Long-term Forest Ecosystem Research LWF

(43) Soil water content

Soil water content is an important driver for many ecosystem processes. It influences the exchange of water, of nutrients and of energy between the soil, the vegetation and the atmosphere.

Soil water content is expressed as the volume of water per total volume of soil (e.g., in m3 water per m3 soil). At full saturation, the entire pore volume (void) of the soil is filled with water. In small pores, capillary forces induce a suction tension when empty pores tend to suck up water. The smaller the pores, the higher the suction. Hence, when soil dries out, larger pores are emptied first and smaller pores later. This way, suction tension increases steadily and plants require more and more counteracting tension to continue to take up water. However, the maximum suction tension that plants can generate is limited (typically approximately -15 000 hPa). Consequently, the total pore volume, the proportion of the pore volume for plant available water, and the shape of the relation between soil water content and soil tension (pF curve) is a characteristic of the soil that depends mainly on soil texture.

The variable "water saturation S (%)", is an alternative to the variable "soil water content" and is defined as the proportion of the pore space that is filled with water.
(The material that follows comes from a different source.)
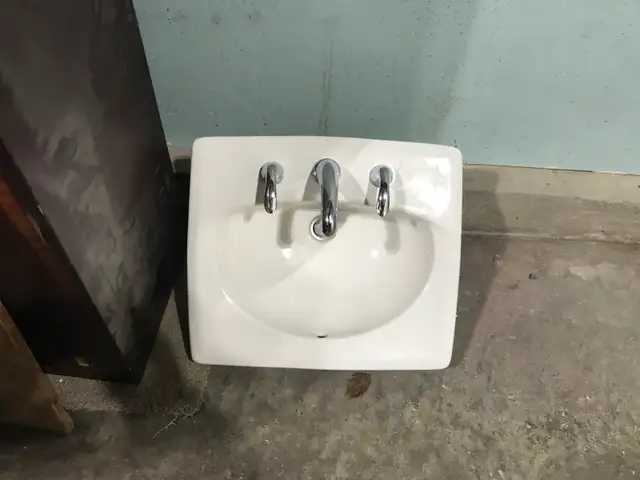 Bathroom China basin with taps For Sale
Most valuable information about the availability of water for plants is gained if both the soil water content and suction tension are measured simultaneously. Establishing the pF-curve by this procedure will tell us whether the water is mobile and will leach to the groundwater nitrate and nutrients to the groundwater, whether it is available for plant, and how much water the soil can retain during drought periods. Such measurements are also an important basis for the improvement of water and nutrient cycle modelling.

EC-5 sensors determine the volumetric water content using a time domain reflectometry or a capacitance measurement approach based on measurements of the dielectricity properties the soil. This approach is based on the fact that the dielectricity of a soil depends on its air, water, ice, mineral and humus content. The sensors must therefore be calibrated for the soil in question, either: (a) in the laboratory, with fine soil from the corresponding soil layers, (b) with a function from the bulk density, or (c) empirically with the measured data.

On the LWF sites the automatic measurements take place hourly or every 10 minutes in three or four depths (15, 50 and 80 cm, in some cases also 150 cm). The measured volumetric soil water content varies greatly, both within a year and between years and will help us to disentangle natural from climate-change driven variability (Fig. 3).